El ideario freudiano remarca, además, que la mujer que no acepte su castración podría tener dos salidas: o bien, la homosexualidad como depravación, masculinizando su integridad, o bien, la represión de toda su sexualidad. La homofobia de Freud se funde con su tendencia capciosa de encerrar a la mujer en un sistema de reglas androcentristas, donde debe arrogar al principio de castración exigido, para desdeñar su propio delirio o su masculinización, subsumiendo su debilidad por el tamaño genital, y subrayando su posterior envidia de pene, aunque dicha tesis sea una mera hipótesis[2]:


“La vagina y el clítoris son vividos por ambos, en la etapa fálica, como la castración del único genital que en última instancia es considerado como tal en este nivel infantil, el falo. Al miedo del varón ante la posibilidad de castración, comprobada entonces en la visión genital femenino, se lo llamará angustia de castración, y es aquella de la que se defenderá, principalmente el yo del neurótico adulto con los mecanismos de defensa inconscientes, origen de rasgos de carácter y síntomas neuróticos. En la niña la aceptación de la existencia de la castración origina el complejo de castración por excelencia. Fundará su yo basado en esta (sentida por ella) mutilación. Esta situación originará sensación de minusvalía, dependencia extrema, la constitución de su superyó será más lenta, no estará acuciada por la urgencia de la angustia de castración. Freud señala que en la mujer hay dos caminos principales en su evolución sexual: 1) La represión de la sexualidad en general. 2) La no aceptación de la castración, conducente  a  la masculinidad en el carácter, o a la homosexualidad como perversión”. 

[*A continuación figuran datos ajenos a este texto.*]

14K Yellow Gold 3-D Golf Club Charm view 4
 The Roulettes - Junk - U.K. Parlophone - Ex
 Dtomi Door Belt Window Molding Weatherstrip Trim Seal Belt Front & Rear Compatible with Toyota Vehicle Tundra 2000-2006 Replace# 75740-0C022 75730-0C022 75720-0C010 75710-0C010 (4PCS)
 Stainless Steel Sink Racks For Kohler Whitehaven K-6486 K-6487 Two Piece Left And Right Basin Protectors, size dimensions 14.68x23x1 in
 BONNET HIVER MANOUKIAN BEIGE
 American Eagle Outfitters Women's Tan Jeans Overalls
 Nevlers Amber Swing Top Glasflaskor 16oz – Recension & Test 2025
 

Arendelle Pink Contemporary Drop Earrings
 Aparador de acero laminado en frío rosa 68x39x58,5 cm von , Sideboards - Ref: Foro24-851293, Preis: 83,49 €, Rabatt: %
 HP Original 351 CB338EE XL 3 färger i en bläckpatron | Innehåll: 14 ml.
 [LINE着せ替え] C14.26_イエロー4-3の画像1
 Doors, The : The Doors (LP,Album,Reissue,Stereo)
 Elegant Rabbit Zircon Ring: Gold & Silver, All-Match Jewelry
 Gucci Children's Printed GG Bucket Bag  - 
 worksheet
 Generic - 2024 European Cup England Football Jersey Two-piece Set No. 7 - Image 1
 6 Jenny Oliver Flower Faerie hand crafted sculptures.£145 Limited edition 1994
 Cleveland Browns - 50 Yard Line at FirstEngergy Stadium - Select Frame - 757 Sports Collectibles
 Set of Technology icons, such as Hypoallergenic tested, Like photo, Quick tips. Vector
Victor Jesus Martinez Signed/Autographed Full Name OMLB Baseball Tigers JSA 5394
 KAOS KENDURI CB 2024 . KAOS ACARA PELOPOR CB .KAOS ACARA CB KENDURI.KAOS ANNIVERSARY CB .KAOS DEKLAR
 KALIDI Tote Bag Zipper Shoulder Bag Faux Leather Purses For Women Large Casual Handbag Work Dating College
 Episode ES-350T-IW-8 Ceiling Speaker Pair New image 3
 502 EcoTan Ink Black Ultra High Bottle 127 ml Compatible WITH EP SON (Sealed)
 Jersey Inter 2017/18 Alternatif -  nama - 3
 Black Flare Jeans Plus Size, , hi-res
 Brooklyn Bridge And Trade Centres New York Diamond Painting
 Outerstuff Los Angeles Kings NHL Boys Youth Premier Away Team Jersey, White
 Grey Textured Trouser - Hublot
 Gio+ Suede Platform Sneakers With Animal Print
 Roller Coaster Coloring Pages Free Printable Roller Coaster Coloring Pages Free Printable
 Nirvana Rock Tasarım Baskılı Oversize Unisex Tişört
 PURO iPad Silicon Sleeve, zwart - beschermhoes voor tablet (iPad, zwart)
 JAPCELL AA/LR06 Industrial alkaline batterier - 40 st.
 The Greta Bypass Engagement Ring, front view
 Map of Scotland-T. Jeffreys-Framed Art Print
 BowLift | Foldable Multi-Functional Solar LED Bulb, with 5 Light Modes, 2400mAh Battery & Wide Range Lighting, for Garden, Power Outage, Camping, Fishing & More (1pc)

La escena clarifica que ella es una burda meretriz, pues quiere vender su virginidad, y como consecuencia de ello, no se niega a ser penetrada por el madero sino que quiere que la penetre analmente, porque quiere vender su dignidad por 60.000 pesetas. Pero Almodóvar usa esa ligereza moral para accionar una abominable violación enlosada en vileza, que pone de manifiesto quién es el que tiene el poder, penetrándola con despotismo y patentizando que el acto sexual se hará a su manera, pues él tiene el poder.

Finalmente, la violación es presentada como una apología hacia el macho dominante, que puede violar, y debe hacerlo, pero sólo si regenta internamente una personalidad fuerte como la del policía, sobre todo en situaciones de debilidad en la mujer, escenificando la exposición de la desigualdad en la correlación de fuerzas internas que hay entre el abusador y la abusada.



[1] Freud, S. (1985). Sobre la más generalizada degradación de la vida amorosa. En O. C. vol XI. Buenos Aires. Amorrortu Ediciones.

[2] Valls, José Luis. (2008). Diccionario freudianoDiccionario conceptual sobre temas de la obra teórica y Clínica de Sigmund Freud. Buenos Aires. Gaby Ediciones.